Interstate agreement to develop a regional supply chain for personal protective equipment may violate Compact Clause without congressional consent

Previously, I expressed skepticism that interstate regional “pacts” or “agreements” to coordinate reopening the economy required congressional consent under the Compact Clause. Those agreements seemed like little more than information-sharing groups and conscious parallelism. Indeed, watching how states have behaved, they’ve continued to act primarily state-by-state, even as members of these “regional” groups.

But there’s a new proposal out of the northeast:

Amid the ongoing COVID-19 pandemic, Delaware Governor John Carney, New York Governor Andrew M. Cuomo, New Jersey Governor Phil Murphy, Connecticut Governor Ned Lamont, Pennsylvania Governor Tom Wolf, Rhode Island Governor Gina Raimondo and Massachusetts Governor Charlie Baker today announced a joint multi-state agreement to develop a regional supply chain for personal protective equipment, other medical equipment and testing.

While the states will continue to partner with the federal government during this global and national public health crisis, they will also work together to identify the entire region’s needs for these products, aggregate demand among the states, reduce costs and stabilize the supply chain. The states will also coordinate policies regarding the inventory of PPE each state’s health care infrastructure should have to be prepared for a possible second wave of COVID-19. The states will also coordinate policies on what supplies local governments should have on hand for their First Responders, and if any requirements regarding PPE for the non-for-profit and private sector are needed.

The states will then seek to identify suppliers within the country, region or state who can scale to meet the demand of the entire region over the next three months. The goal of this approach is to decrease the potential for disruptions in the supply chain for PPE and medical equipment, including sanitizer and ventilators, and testing, and promote regional economic development.

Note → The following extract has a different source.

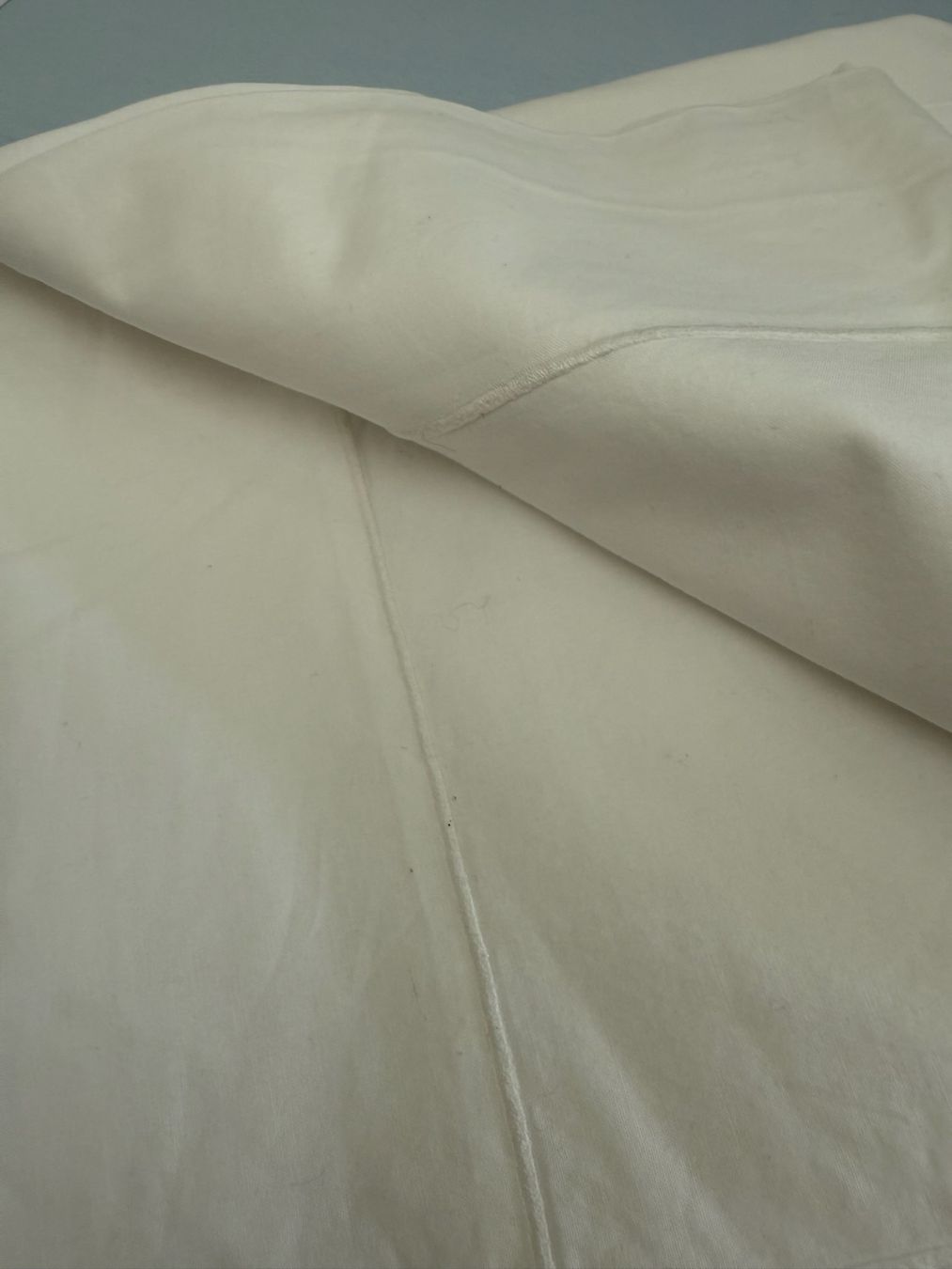 Manor Biancheria da letto: Manor - Home - Drap - 230 x 260 – Usato da Sion venduto da accroshoes 3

Governor Cuomo said, “The COVID-19 pandemic created a mad scramble for medical equipment across the entire nation – there was competition among states, private entities and the federal government and we were driving up the prices of these critical resources. As a state and as a nation we can’t go through that again. We’re going to form a regional state purchasing consortium with our seven northeast partner states to increase our market power when we’re buying supplies and help us actually get the equipment at a better price.

The devil is in the details of an agreement like this, and, of course, press releases are perilously short on details. But this agreement starts to look like the kind of thing the Compact Clause cares about.

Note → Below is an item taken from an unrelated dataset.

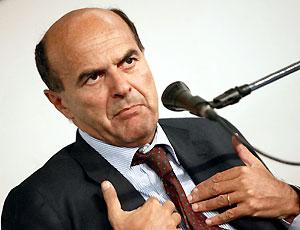 La figuraccia del PD sulle firme contro Berlusconi. Pensasse Bersani a raccogliere voti!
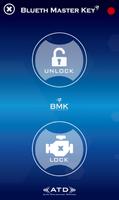 BMK V.2 BLUETH MASTER KEY скриншот 1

Start with some common definitions of a “compact,” “mutual declarations [that may be] reasonably treated as made upon mutual considerations,” or “reciprocity.” Here, it sounds like these states are agreeing to stop bidding individually for medical equipment and to start bidding collectively. They agree to divide the equipment based upon their internal criteria they share and pay based upon internal criteria they share.

It’s also expressly designed to leverage these states at the expense of other states, and even potentially at the expense of the federal government. That is, these governors (and I only quote Governor Andrew Cuomo, but you can read others) expressly want to increase the ability of this consortium to succeed at the expense of other states and the federal government.

Now, to be frank, my analysis may mean little—the Compact Clause has been construed exceedingly narrowly in the last two hundred years, and one is hard-pressed to find many cases where an interstate compact has been deemed to require congressional consent. And, of course, even if I’m right, Congress can always consent to the compact. But this strikes me as precisely the type of factionalism the Compact Clause is designed to prevent: if the problem is an ineffective federal coordination or excessive state squabbling, groups of states can’t team up to cure the problem for themselves at the expense of others.

Still, I wouldn’t be surprised to see some non-compacting states challenge the decisions of these compacting states. What appears to be an attempt to improve state relationships among some may well worsen those relationships among others.

Finally, one nice thing about this blog is an opportunity to throw out a possibility like this and open up for feedback. Are there purchasing power arrangements between states, like this one, that exist? Or, even better, that have faced litigation in the past? Professor James Coleman suggested that the Regional Greenhouse Gas Initiative, which includes bidding and auctions, is a possibility, and one that doesn’t have congressional consent. If anyone has others, feel free to post in the comments (which may take some time to appear).